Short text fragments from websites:
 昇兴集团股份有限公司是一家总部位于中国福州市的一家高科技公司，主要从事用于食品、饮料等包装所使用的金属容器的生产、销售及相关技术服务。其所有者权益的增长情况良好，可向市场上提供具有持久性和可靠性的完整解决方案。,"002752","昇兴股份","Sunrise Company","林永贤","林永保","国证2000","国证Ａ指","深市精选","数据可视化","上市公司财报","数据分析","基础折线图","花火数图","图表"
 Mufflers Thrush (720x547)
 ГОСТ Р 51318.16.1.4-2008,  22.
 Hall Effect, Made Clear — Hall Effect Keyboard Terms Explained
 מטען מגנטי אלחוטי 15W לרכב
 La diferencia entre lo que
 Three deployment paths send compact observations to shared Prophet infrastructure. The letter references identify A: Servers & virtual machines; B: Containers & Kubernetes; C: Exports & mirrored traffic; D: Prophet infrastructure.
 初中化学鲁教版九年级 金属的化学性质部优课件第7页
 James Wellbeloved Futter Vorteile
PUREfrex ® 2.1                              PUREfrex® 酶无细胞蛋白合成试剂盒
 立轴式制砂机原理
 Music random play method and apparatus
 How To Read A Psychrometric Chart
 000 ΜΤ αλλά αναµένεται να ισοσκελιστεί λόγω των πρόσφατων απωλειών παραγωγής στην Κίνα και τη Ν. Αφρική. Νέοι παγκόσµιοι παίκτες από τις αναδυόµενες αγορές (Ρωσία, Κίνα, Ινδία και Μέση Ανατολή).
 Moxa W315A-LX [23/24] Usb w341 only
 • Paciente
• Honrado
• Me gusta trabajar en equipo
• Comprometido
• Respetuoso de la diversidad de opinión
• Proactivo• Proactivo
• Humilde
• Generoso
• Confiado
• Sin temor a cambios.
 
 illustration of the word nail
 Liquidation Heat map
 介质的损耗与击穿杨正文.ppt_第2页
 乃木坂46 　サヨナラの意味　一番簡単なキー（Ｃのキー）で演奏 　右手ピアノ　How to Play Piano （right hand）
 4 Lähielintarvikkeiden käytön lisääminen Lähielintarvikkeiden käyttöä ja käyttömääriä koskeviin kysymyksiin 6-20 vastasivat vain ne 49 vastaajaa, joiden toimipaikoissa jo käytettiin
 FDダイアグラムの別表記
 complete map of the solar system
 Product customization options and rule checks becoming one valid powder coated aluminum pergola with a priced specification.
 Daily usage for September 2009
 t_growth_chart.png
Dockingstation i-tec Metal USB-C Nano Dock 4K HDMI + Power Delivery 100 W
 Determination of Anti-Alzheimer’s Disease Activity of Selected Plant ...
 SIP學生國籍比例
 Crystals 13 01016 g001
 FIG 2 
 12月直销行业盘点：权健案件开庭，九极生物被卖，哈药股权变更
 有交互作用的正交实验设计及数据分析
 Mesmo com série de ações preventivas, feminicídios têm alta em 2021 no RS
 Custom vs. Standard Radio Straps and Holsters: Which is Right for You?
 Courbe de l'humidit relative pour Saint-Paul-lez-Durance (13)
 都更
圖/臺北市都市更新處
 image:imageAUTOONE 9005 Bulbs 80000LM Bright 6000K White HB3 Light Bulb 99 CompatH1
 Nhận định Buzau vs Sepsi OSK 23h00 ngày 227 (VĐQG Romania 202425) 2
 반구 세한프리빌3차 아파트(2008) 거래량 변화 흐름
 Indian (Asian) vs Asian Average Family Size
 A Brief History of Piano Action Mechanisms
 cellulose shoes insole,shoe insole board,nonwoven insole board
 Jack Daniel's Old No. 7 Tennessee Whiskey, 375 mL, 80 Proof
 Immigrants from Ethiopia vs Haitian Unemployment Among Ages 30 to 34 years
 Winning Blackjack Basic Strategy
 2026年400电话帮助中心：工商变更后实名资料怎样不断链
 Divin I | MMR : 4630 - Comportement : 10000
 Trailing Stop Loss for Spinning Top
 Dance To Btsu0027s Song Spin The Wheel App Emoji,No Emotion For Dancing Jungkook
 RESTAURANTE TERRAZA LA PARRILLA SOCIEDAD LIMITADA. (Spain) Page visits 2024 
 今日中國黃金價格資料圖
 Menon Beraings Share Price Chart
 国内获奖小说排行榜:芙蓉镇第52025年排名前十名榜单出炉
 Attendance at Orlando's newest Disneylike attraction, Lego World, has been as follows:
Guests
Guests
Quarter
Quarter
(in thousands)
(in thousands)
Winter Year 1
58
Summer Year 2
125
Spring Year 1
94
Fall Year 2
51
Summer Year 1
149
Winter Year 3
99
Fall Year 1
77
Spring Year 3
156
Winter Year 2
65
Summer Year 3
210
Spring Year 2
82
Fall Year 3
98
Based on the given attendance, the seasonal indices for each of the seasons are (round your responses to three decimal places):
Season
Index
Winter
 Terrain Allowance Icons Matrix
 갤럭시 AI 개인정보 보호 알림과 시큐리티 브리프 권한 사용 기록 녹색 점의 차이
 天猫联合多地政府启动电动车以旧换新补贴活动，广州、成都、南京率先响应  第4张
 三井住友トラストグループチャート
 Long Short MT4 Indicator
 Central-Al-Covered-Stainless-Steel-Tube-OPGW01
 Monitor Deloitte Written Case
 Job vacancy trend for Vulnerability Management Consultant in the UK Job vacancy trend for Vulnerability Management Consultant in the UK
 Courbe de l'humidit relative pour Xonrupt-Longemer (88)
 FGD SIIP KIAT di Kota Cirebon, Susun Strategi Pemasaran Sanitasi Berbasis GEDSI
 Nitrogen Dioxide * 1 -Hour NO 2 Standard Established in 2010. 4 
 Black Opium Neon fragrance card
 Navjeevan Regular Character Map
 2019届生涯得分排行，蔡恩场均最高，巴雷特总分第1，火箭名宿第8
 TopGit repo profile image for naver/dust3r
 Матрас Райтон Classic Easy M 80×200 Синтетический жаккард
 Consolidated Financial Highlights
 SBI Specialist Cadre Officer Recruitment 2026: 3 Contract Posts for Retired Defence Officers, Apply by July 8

> Task instructions: Give every record again, exactly as it reads.

> Written solution:
 昇兴集团股份有限公司是一家总部位于中国福州市的一家高科技公司，主要从事用于食品、饮料等包装所使用的金属容器的生产、销售及相关技术服务。其所有者权益的增长情况良好，可向市场上提供具有持久性和可靠性的完整解决方案。,"002752","昇兴股份","Sunrise Company","林永贤","林永保","国证2000","国证Ａ指","深市精选","数据可视化","上市公司财报","数据分析","基础折线图","花火数图","图表"
 Mufflers Thrush (720x547)
 ГОСТ Р 51318.16.1.4-2008,  22.
 Hall Effect, Made Clear — Hall Effect Keyboard Terms Explained
 מטען מגנטי אלחוטי 15W לרכב
 La diferencia entre lo que
 Three deployment paths send compact observations to shared Prophet infrastructure. The letter references identify A: Servers & virtual machines; B: Containers & Kubernetes; C: Exports & mirrored traffic; D: Prophet infrastructure.
 初中化学鲁教版九年级 金属的化学性质部优课件第7页
 James Wellbeloved Futter Vorteile
PUREfrex ® 2.1                              PUREfrex® 酶无细胞蛋白合成试剂盒
 立轴式制砂机原理
 Music random play method and apparatus
 How To Read A Psychrometric Chart
 000 ΜΤ αλλά αναµένεται να ισοσκελιστεί λόγω των πρόσφατων απωλειών παραγωγής στην Κίνα και τη Ν. Αφρική. Νέοι παγκόσµιοι παίκτες από τις αναδυόµενες αγορές (Ρωσία, Κίνα, Ινδία και Μέση Ανατολή).
 Moxa W315A-LX [23/24] Usb w341 only
 • Paciente
• Honrado
• Me gusta trabajar en equipo
• Comprometido
• Respetuoso de la diversidad de opinión
• Proactivo• Proactivo
• Humilde
• Generoso
• Confiado
• Sin temor a cambios.
 
 illustration of the word nail
 Liquidation Heat map
 介质的损耗与击穿杨正文.ppt_第2页
 乃木坂46 　サヨナラの意味　一番簡単なキー（Ｃのキー）で演奏 　右手ピアノ　How to Play Piano （right hand）
 4 Lähielintarvikkeiden käytön lisääminen Lähielintarvikkeiden käyttöä ja käyttömääriä koskeviin kysymyksiin 6-20 vastasivat vain ne 49 vastaajaa, joiden toimipaikoissa jo käytettiin
 FDダイアグラムの別表記
 complete map of the solar system
 Product customization options and rule checks becoming one valid powder coated aluminum pergola with a priced specification.
 Daily usage for September 2009
 t_growth_chart.png
Dockingstation i-tec Metal USB-C Nano Dock 4K HDMI + Power Delivery 100 W
 Determination of Anti-Alzheimer’s Disease Activity of Selected Plant ...
 SIP學生國籍比例
 Crystals 13 01016 g001
 FIG 2 
 12月直销行业盘点：权健案件开庭，九极生物被卖，哈药股权变更
 有交互作用的正交实验设计及数据分析
 Mesmo com série de ações preventivas, feminicídios têm alta em 2021 no RS
 Custom vs. Standard Radio Straps and Holsters: Which is Right for You?
 Courbe de l'humidit relative pour Saint-Paul-lez-Durance (13)
 都更
圖/臺北市都市更新處
 image:imageAUTOONE 9005 Bulbs 80000LM Bright 6000K White HB3 Light Bulb 99 CompatH1
 Nhận định Buzau vs Sepsi OSK 23h00 ngày 227 (VĐQG Romania 202425) 2
 반구 세한프리빌3차 아파트(2008) 거래량 변화 흐름
 Indian (Asian) vs Asian Average Family Size
 A Brief History of Piano Action Mechanisms
 cellulose shoes insole,shoe insole board,nonwoven insole board
 Jack Daniel's Old No. 7 Tennessee Whiskey, 375 mL, 80 Proof
 Immigrants from Ethiopia vs Haitian Unemployment Among Ages 30 to 34 years
 Winning Blackjack Basic Strategy
 2026年400电话帮助中心：工商变更后实名资料怎样不断链
 Divin I | MMR : 4630 - Comportement : 10000
 Trailing Stop Loss for Spinning Top
 Dance To Btsu0027s Song Spin The Wheel App Emoji,No Emotion For Dancing Jungkook
 RESTAURANTE TERRAZA LA PARRILLA SOCIEDAD LIMITADA. (Spain) Page visits 2024 
 今日中國黃金價格資料圖
 Menon Beraings Share Price Chart
 国内获奖小说排行榜:芙蓉镇第52025年排名前十名榜单出炉
 Attendance at Orlando's newest Disneylike attraction, Lego World, has been as follows:
Guests
Guests
Quarter
Quarter
(in thousands)
(in thousands)
Winter Year 1
58
Summer Year 2
125
Spring Year 1
94
Fall Year 2
51
Summer Year 1
149
Winter Year 3
99
Fall Year 1
77
Spring Year 3
156
Winter Year 2
65
Summer Year 3
210
Spring Year 2
82
Fall Year 3
98
Based on the given attendance, the seasonal indices for each of the seasons are (round your responses to three decimal places):
Season
Index
Winter
 Terrain Allowance Icons Matrix
 갤럭시 AI 개인정보 보호 알림과 시큐리티 브리프 권한 사용 기록 녹색 점의 차이
 天猫联合多地政府启动电动车以旧换新补贴活动，广州、成都、南京率先响应  第4张
 三井住友トラストグループチャート
 Long Short MT4 Indicator
 Central-Al-Covered-Stainless-Steel-Tube-OPGW01
 Monitor Deloitte Written Case
 Job vacancy trend for Vulnerability Management Consultant in the UK Job vacancy trend for Vulnerability Management Consultant in the UK
 Courbe de l'humidit relative pour Xonrupt-Longemer (88)
 FGD SIIP KIAT di Kota Cirebon, Susun Strategi Pemasaran Sanitasi Berbasis GEDSI
 Nitrogen Dioxide * 1 -Hour NO 2 Standard Established in 2010. 4 
 Black Opium Neon fragrance card
 Navjeevan Regular Character Map
 2019届生涯得分排行，蔡恩场均最高，巴雷特总分第1，火箭名宿第8
 TopGit repo profile image for naver/dust3r
 Матрас Райтон Classic Easy M 80×200 Синтетический жаккард
 Consolidated Financial Highlights
 SBI Specialist Cadre Officer Recruitment 2026: 3 Contract Posts for Retired Defence Officers, Apply by July 8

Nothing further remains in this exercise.